I realize that the hot-button issue on campus is usually something like Tailgate, but can we shift the administration's focus away from that and think about the outrageous privilege and economic disparity at this university? And can we focus on it for more than two seconds?
Despite the Financial Aid Office's grand proclamations of new aid initiatives, all I've seen is a tuition increase, loans up to my face, working 15 to 20 hours a week at my work-study job so I can afford the ridiculous textbook and food prices, and my parents using up all their piddly incomes and sacrificing their home and future. And I know I'm not alone. According to statistics recently published in The Chronicle, the average Duke family makes more than $200,000 per year, which makes students like me-aka the students bringing down the average for all the CEO children here, students who are in the blurry middle class out in the real world but live in third-class stowage on the Titanic that is life here at Duke-the lower extreme. Which apparently makes us easy to write off and marginalize. As if it's not difficult enough to make it in to this school and survive here with a sorry public school education and having to work part-time since we were old enough to lie about our ages to avoid child labor laws (just kidding... no, I'm not.)
Now we are trapped here by Bursar bills, paying for the prestigious Duke name on our degrees with our blood and tears.
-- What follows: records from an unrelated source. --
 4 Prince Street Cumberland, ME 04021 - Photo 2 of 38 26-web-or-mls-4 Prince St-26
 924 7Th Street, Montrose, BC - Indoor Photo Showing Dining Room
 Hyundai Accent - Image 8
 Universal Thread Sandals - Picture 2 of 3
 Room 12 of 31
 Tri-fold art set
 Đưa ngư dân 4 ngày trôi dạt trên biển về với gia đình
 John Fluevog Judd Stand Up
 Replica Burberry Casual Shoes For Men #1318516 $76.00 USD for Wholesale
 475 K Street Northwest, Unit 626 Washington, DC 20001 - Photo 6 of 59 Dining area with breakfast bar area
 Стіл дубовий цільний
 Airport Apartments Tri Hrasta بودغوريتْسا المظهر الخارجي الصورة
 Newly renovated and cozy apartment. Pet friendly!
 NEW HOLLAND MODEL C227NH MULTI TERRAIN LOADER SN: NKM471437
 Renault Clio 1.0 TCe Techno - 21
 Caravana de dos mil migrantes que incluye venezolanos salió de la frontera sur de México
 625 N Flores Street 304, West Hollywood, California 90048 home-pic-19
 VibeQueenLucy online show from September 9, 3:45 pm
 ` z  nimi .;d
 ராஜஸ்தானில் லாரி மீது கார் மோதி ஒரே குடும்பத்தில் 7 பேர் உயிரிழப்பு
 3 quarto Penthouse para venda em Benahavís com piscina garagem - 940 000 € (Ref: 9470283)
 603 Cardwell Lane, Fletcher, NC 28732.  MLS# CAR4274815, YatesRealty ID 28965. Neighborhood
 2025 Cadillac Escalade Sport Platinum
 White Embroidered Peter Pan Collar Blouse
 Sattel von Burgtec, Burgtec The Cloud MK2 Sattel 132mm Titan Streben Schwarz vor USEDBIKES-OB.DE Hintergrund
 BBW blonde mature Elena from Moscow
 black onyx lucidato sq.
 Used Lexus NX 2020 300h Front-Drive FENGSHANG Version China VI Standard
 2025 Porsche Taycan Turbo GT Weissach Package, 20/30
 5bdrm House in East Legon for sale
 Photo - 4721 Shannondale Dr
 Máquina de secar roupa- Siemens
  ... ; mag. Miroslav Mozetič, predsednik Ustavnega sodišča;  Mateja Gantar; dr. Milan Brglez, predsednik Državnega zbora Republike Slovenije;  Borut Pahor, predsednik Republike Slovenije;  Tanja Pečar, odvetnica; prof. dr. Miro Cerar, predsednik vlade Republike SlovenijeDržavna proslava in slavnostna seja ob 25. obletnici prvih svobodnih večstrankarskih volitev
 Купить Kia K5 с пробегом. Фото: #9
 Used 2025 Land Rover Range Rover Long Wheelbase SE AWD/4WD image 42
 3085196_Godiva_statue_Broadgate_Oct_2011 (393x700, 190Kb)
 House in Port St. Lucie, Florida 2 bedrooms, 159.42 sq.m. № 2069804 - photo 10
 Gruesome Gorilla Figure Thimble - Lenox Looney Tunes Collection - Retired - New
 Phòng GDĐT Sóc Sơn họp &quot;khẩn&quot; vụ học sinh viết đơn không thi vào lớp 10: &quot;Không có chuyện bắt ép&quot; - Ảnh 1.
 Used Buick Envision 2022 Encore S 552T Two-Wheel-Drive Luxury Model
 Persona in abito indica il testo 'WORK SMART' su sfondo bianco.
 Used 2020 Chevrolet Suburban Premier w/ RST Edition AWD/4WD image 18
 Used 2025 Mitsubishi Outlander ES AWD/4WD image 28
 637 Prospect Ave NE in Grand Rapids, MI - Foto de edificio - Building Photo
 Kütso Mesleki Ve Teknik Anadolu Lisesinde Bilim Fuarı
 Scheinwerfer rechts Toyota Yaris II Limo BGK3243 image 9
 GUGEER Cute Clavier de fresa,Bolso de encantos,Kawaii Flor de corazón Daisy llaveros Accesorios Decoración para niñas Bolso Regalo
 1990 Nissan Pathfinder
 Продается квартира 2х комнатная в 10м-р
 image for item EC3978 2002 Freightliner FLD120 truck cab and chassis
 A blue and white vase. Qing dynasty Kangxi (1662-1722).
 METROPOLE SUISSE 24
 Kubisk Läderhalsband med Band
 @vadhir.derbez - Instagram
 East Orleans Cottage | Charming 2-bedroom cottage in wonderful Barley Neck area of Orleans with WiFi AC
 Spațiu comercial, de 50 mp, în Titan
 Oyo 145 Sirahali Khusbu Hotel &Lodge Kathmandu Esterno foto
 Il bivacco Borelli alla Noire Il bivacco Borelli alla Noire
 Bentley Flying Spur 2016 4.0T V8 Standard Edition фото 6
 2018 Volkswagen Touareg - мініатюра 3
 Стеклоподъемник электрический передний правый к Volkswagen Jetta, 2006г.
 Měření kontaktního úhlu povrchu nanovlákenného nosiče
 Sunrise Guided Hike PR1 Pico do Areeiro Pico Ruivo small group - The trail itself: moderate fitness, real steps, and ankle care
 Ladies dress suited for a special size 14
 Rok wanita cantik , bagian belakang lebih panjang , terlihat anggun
It's definitely worth it; I know many students like me (especially women of color) are some of the first in our family to make it to a school like this. But I refuse to stay silent in the face of all the wealth and privilege here, in the face of all the help kind-hearted Duke University says they are giving to underprivileged students. I feel betrayed by this institution. I feel outraged. We should all be outraged, even if you are the wealthiest person here, because this kind of disgusting disparity is what bars capable people from education and the hope of a future. So stand up! Protest to the financial aid office and President Richard Brodhead.
Open your eyes and see what a struggle a school like this is for even the average American. Don't ignore us.